DATA
--*--

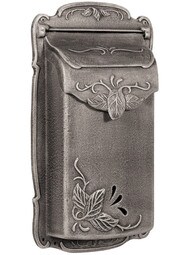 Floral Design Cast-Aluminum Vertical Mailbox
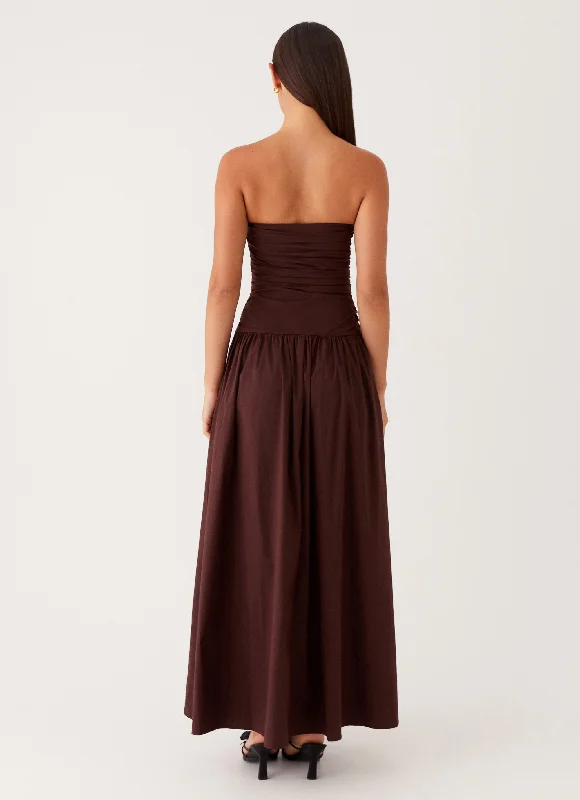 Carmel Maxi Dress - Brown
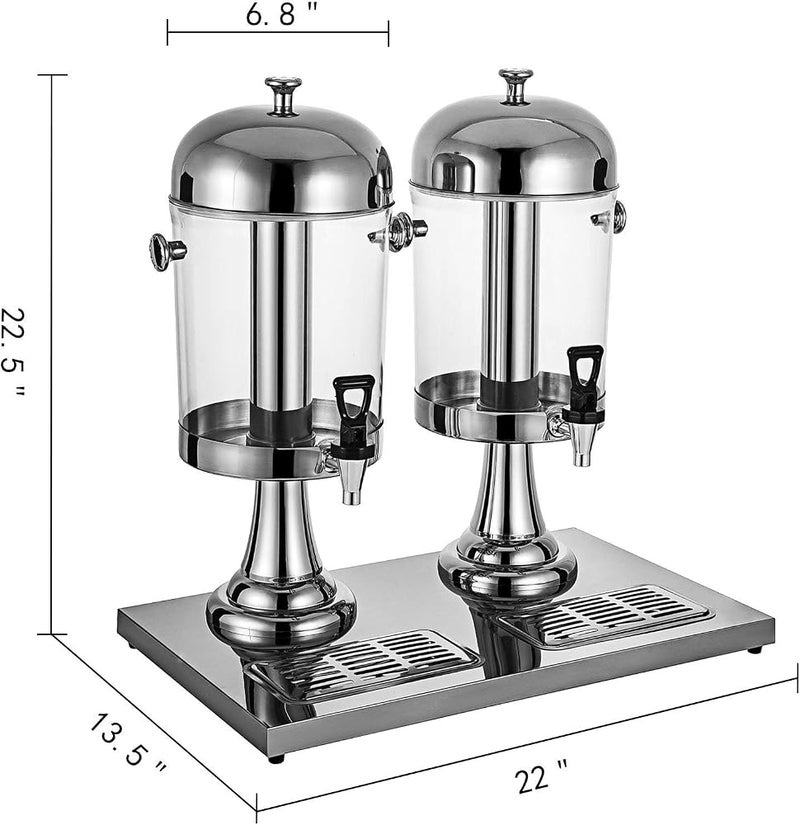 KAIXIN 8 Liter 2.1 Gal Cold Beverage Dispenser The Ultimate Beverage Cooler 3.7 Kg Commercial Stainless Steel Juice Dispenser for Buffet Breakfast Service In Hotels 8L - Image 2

--*--

REQUIRED WORK
Omitting all images, print the listing exactly.

EXERCISE OUTPUT
 Floral Design Cast-Aluminum Vertical Mailbox
 Carmel Maxi Dress - Brown
 KAIXIN 8 Liter 2.1 Gal Cold Beverage Dispenser The Ultimate Beverage Cooler 3.7 Kg Commercial Stainless Steel Juice Dispenser for Buffet Breakfast Service In Hotels 8L - Image 2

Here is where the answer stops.